[Image-caption web data]
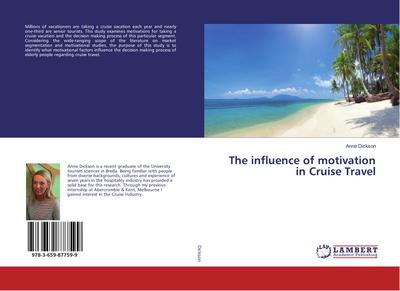 The influence of motivation in Cruise Travel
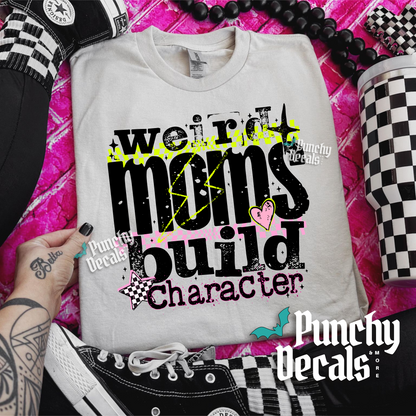 Weird Moms T-Shirt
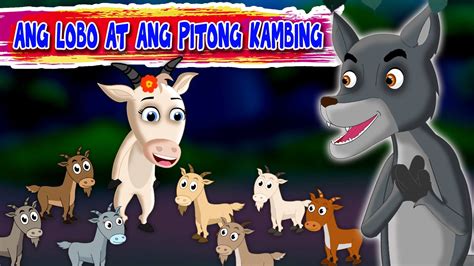 Ang Lobo At Ang Pitong Kambing Kwentong Pambata Tagalog Tagalog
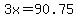 3x+=+90.75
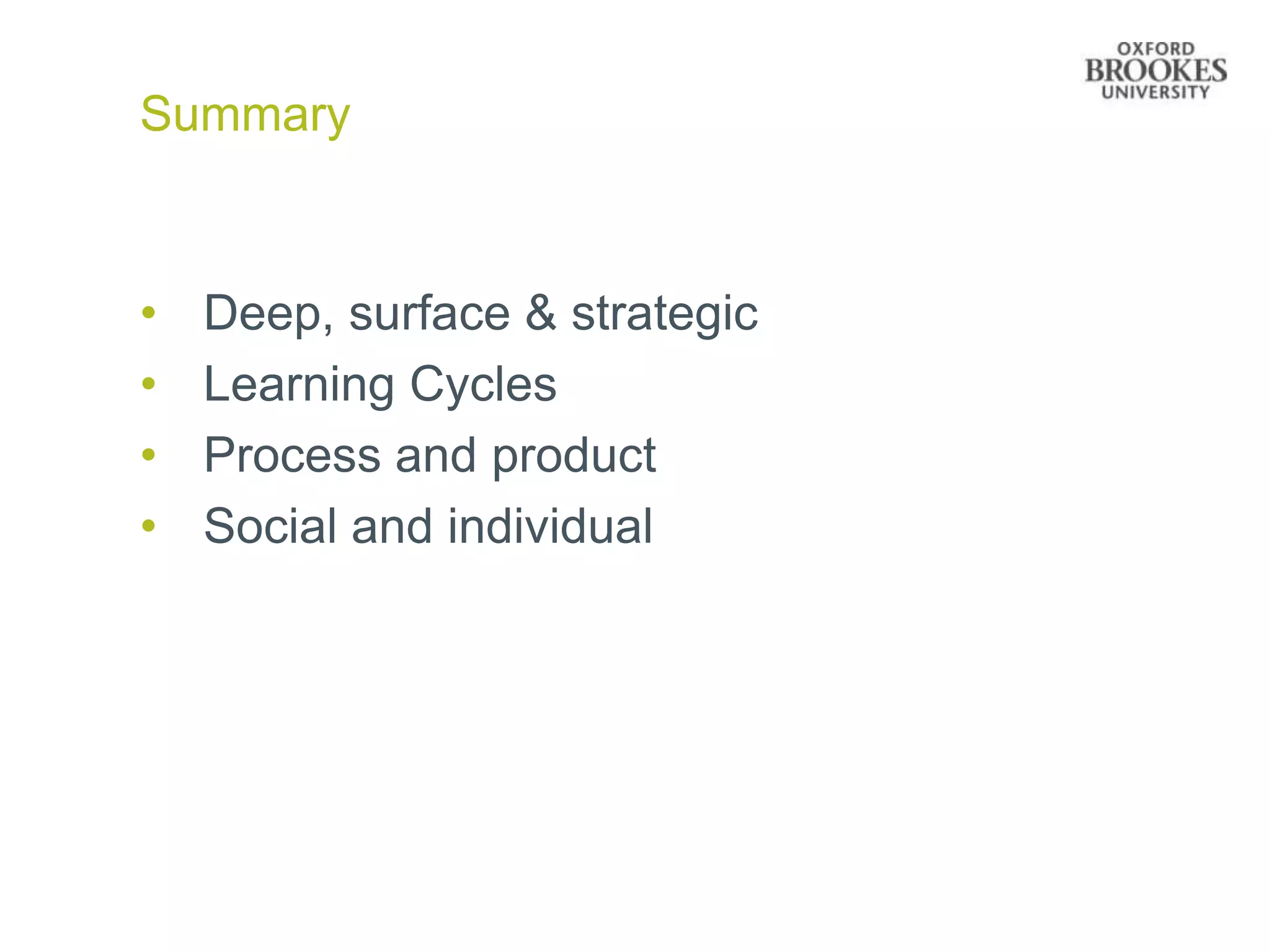 Summary



•   Deep, surface & strategic
•   Learning Cycles
•   Process and product
•   Social and individual
 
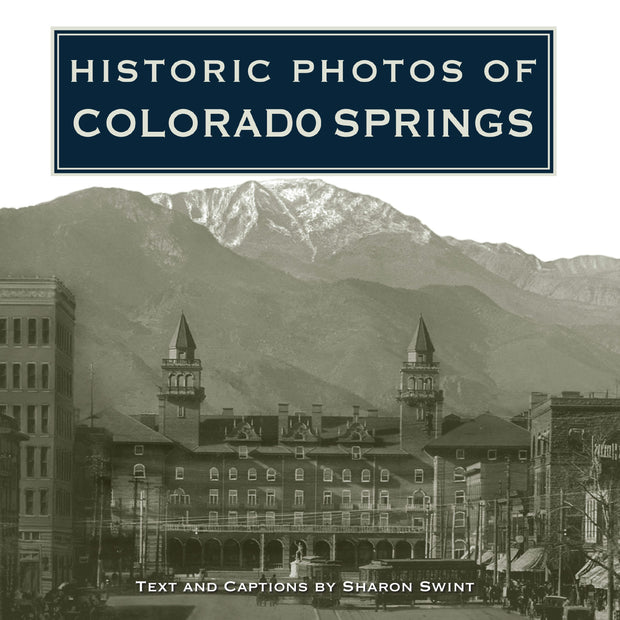 Cover image for Historic Photos of Colorado Springs, isbn: 9781684420131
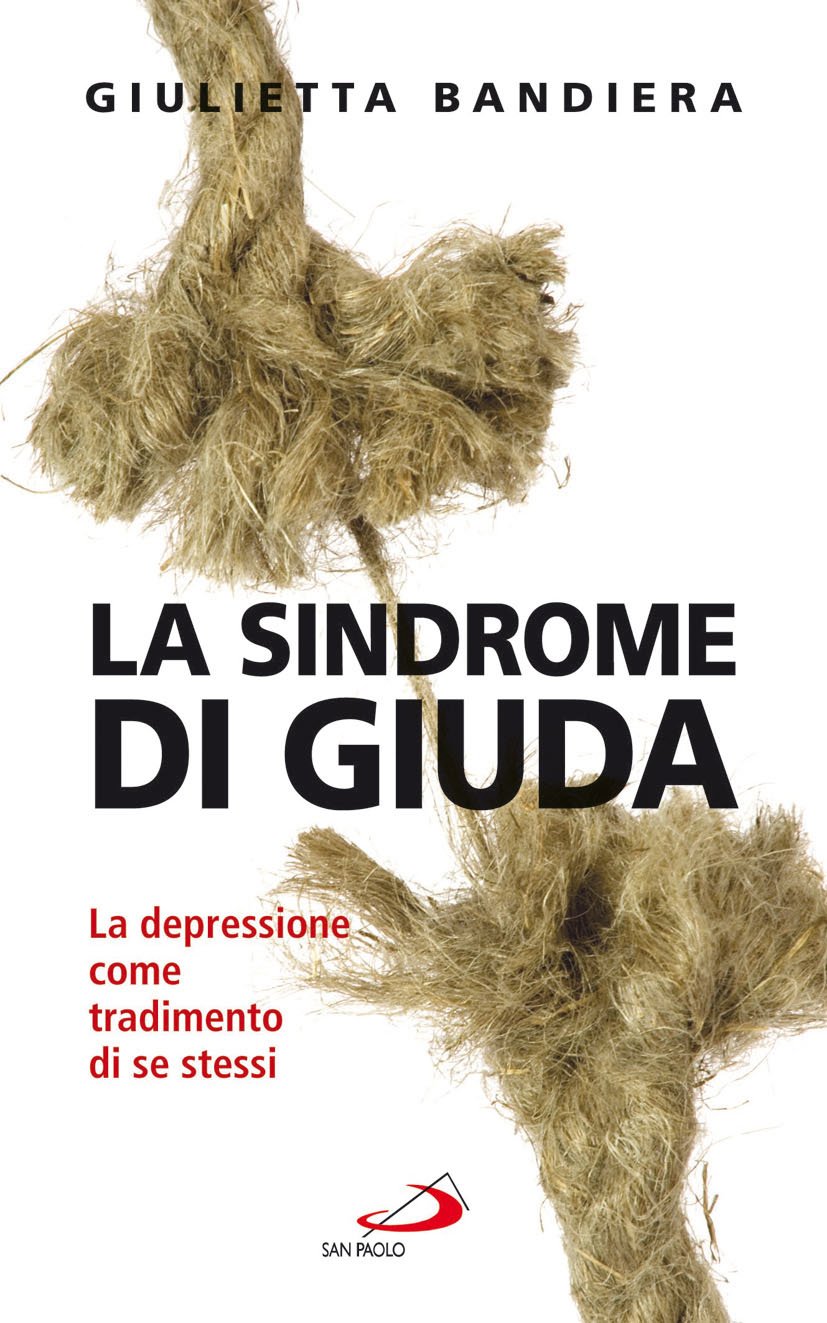 La sindrome di Giuda. La depressione come tradimento di se stessi book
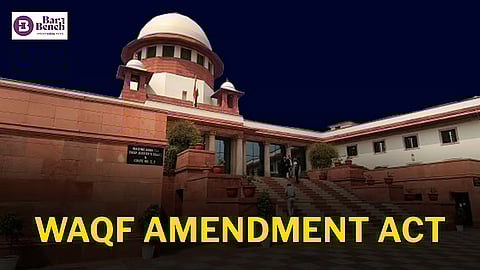 supreme court and waqf amendment act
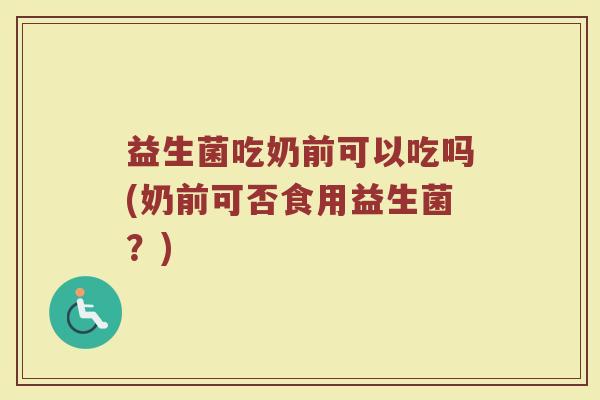 益生菌吃奶前可以吃吗(奶前可否食用益生菌？)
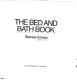 The bed and bath book /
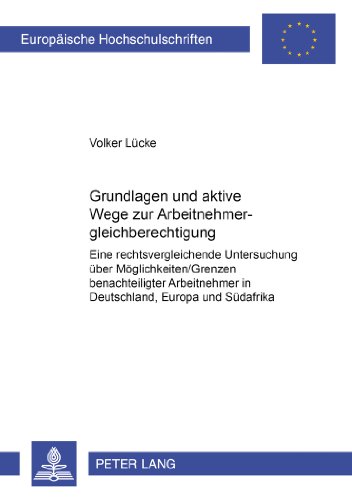 Grundlagen und aktive Wege zur Arbeitnehmergleichberechtigung: Eine rechtsvergleichende Untersuchung über Möglichkeiten/Grenzen benachteiligter ... / Publications Universitaires Européennes)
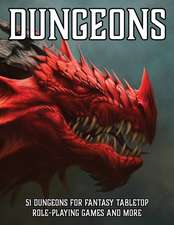 Dungeons: 51 Dungeons for Fantasy Tabletop Role-Playing Games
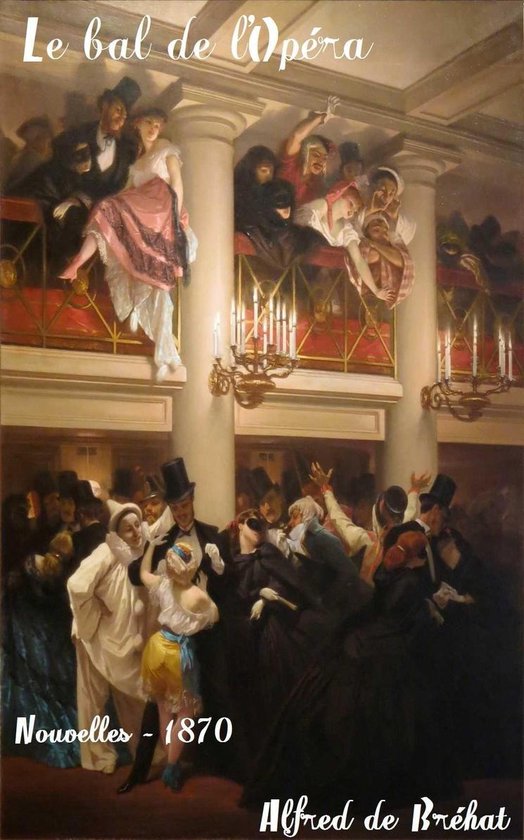 Oeuvres de Alfred de Bréhat - Le bal de l'Opéra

[Exercise aim]: Starting with the line that contains "Social and individual", give the lines again exactly as they appear through the last line of the data, pictures excluded.

[Your solution]:
•   Social and individual
 
 Cover image for Historic Photos of Colorado Springs, isbn: 9781684420131
 La sindrome di Giuda. La depressione come tradimento di se stessi book
 supreme court and waqf amendment act
 益生菌吃奶前可以吃吗(奶前可否食用益生菌？)
 The bed and bath book /
 Grundlagen und aktive Wege zur Arbeitnehmergleichberechtigung: Eine rechtsvergleichende Untersuchung über Möglichkeiten/Grenzen benachteiligter ... / Publications Universitaires Européennes)
 Dungeons: 51 Dungeons for Fantasy Tabletop Role-Playing Games
 Oeuvres de Alfred de Bréhat - Le bal de l'Opéra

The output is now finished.